No because that has nothing to do with why I downvoted the OP. Also, as I pointed out in an edit, my engagement with this post has likely driven it up in this specific instance anyway. Even if it doesn’t this went from being engaged by 2-3 people to a lot more real quick despite the OP largely neutral votes for the first hour, and now being -10 so clearly it doesn’t just drop the post off the face of the planet due to downvoting and probably other factors are considered.
Anyway, throughout this I’ve done my best to address every point you’ve brought up. Yet I’ve had multiple questions, some even asking for clarification, go ignored. So I think now is probably a good time for the old “agree to disagree”.
Alright and then this can be it for me as I’m pretty sure we won’t reach a consensus.
I would say the edge cases for this don’t justify the blanket guideline and if they did it could be worded (and likely similarly ignored) like reddit did. I would also say situations like the language one can be implement with a UI fix. Plenty of small communities both here and on reddit grew despite being “niche” or even just not popular.
No. You don’t seem to understand that you’re providing guidelines that are incompatible with voting. You want to talk about edge cases in which your guideline can function and makes sense. I’m providing you far more likely and apparent cases where it doesn’t. Your guideline means someone would be breaking them even if downvoting content that breaks the rules of conduct I.e using it directly as intended. I’d consider guidelines for not downvoting stuff solely because you don’t like it for “reasons” before your guideline. Which I’d argue being a lot of former redditors, Lemmy largely inherited.
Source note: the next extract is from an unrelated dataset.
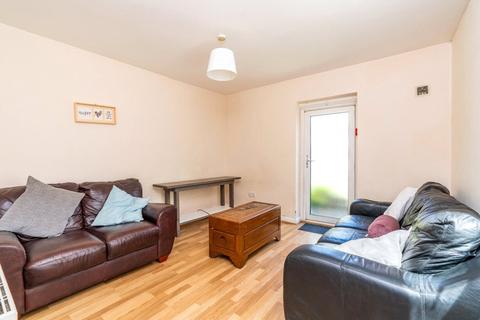 3 bedroom terraced house to rent, Ordnance Road, Hampshire SO15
The idea of even a guideline against shielding communities from negative engagement while affording all the benefits of positive engagement isn’t worth the odd niche community post being spared a couple downvotes from people who don’t know how to use it. If individual communities want to only display upvotes, then goes nuts since that makes way more sense. I doubt I was the first but I’d guess most votes are from people who share my numerous strong views on it. Anyway, as I alluded to before if you can’t understand my position after this many paragraphs then we probably better call it a day. Have a good one.